Work item:
Write out again only the lines between the one with "Edredón Sherpa OLBIA" and the end of the records below, both ends counted, and don't include the pictures.

<<<<

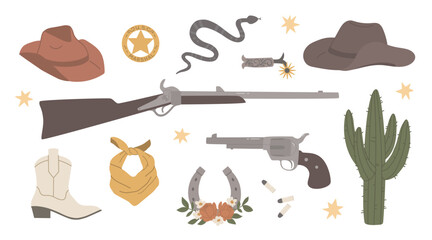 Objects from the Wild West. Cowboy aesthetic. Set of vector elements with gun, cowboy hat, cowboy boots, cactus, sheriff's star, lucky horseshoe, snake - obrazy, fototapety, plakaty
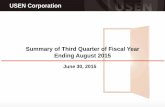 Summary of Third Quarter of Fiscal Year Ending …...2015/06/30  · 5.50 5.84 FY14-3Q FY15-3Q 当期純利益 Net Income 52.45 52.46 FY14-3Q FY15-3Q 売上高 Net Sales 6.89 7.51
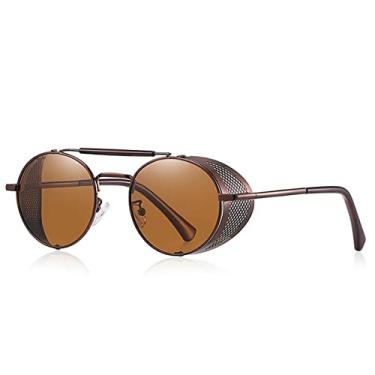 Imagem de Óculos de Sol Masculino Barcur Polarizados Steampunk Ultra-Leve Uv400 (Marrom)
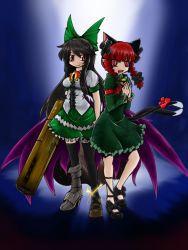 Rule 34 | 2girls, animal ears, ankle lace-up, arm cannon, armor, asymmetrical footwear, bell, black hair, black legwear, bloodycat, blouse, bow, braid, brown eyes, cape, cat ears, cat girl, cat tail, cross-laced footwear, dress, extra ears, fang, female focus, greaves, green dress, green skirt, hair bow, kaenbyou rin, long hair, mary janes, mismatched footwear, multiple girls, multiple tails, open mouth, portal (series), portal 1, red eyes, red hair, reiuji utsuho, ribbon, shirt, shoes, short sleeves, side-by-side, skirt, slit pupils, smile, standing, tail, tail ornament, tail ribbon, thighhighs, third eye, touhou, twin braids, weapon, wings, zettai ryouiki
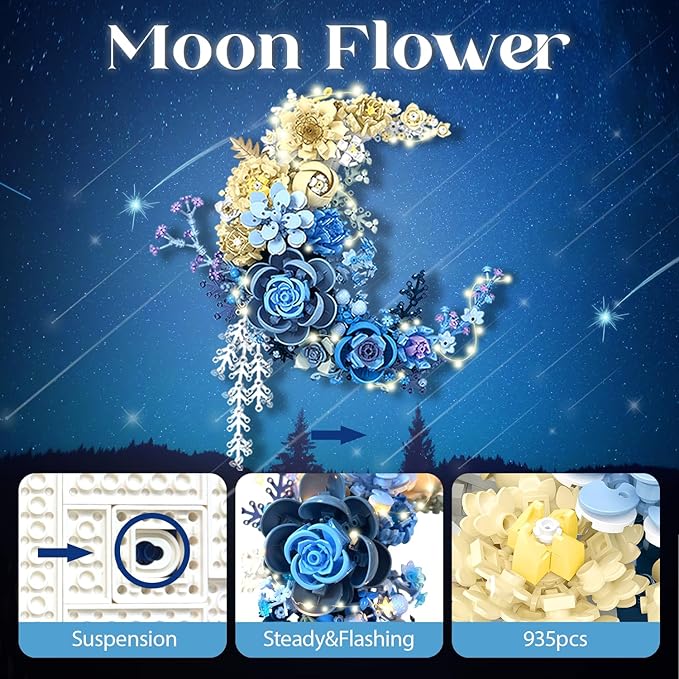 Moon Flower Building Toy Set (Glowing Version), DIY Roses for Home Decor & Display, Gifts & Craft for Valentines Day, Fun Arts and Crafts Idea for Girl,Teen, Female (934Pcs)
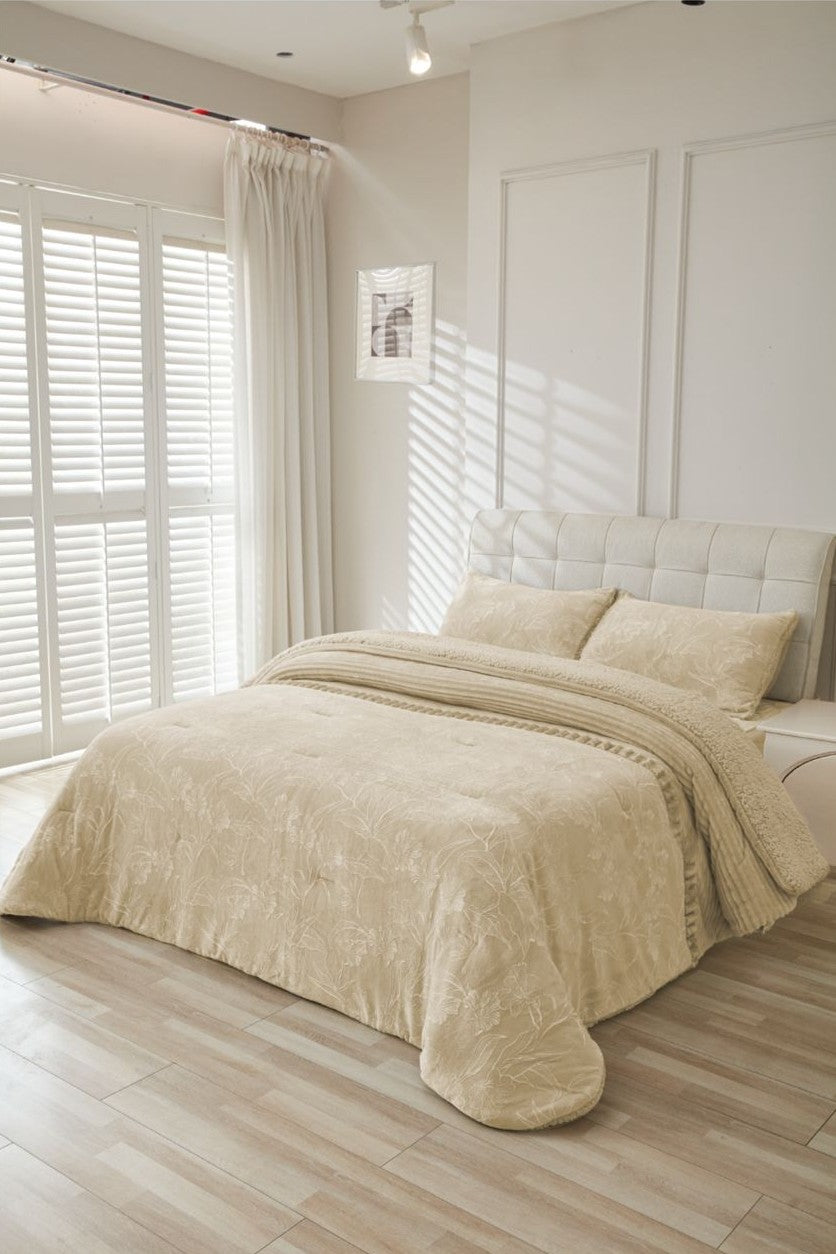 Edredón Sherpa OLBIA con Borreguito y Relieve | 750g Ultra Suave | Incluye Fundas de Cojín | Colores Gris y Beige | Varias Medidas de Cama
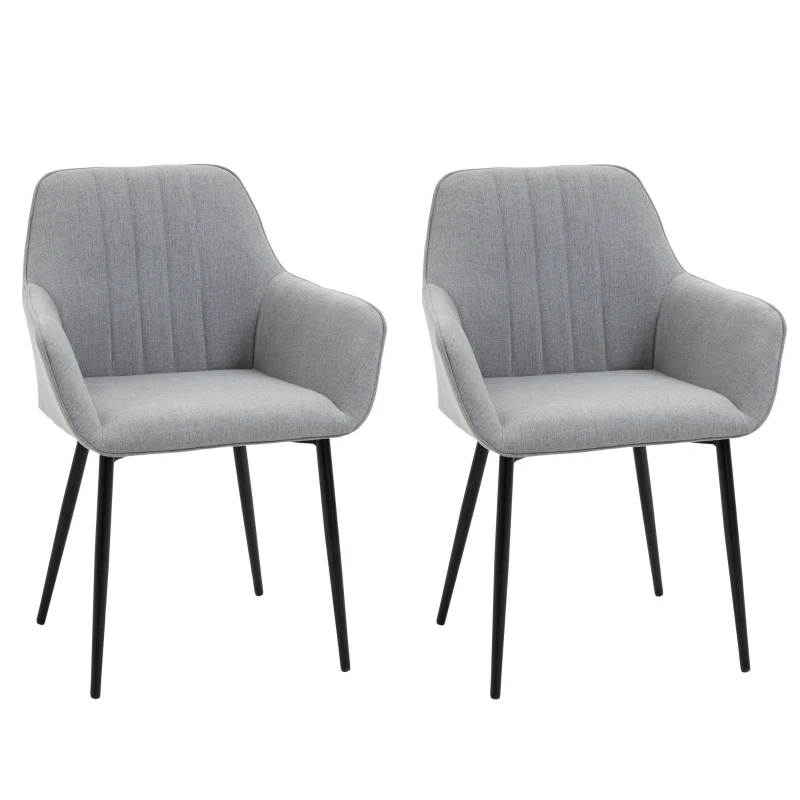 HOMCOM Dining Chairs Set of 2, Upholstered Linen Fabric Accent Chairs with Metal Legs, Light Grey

>>>>

Your solution:
 Edredón Sherpa OLBIA con Borreguito y Relieve | 750g Ultra Suave | Incluye Fundas de Cojín | Colores Gris y Beige | Varias Medidas de Cama
 HOMCOM Dining Chairs Set of 2, Upholstered Linen Fabric Accent Chairs with Metal Legs, Light Grey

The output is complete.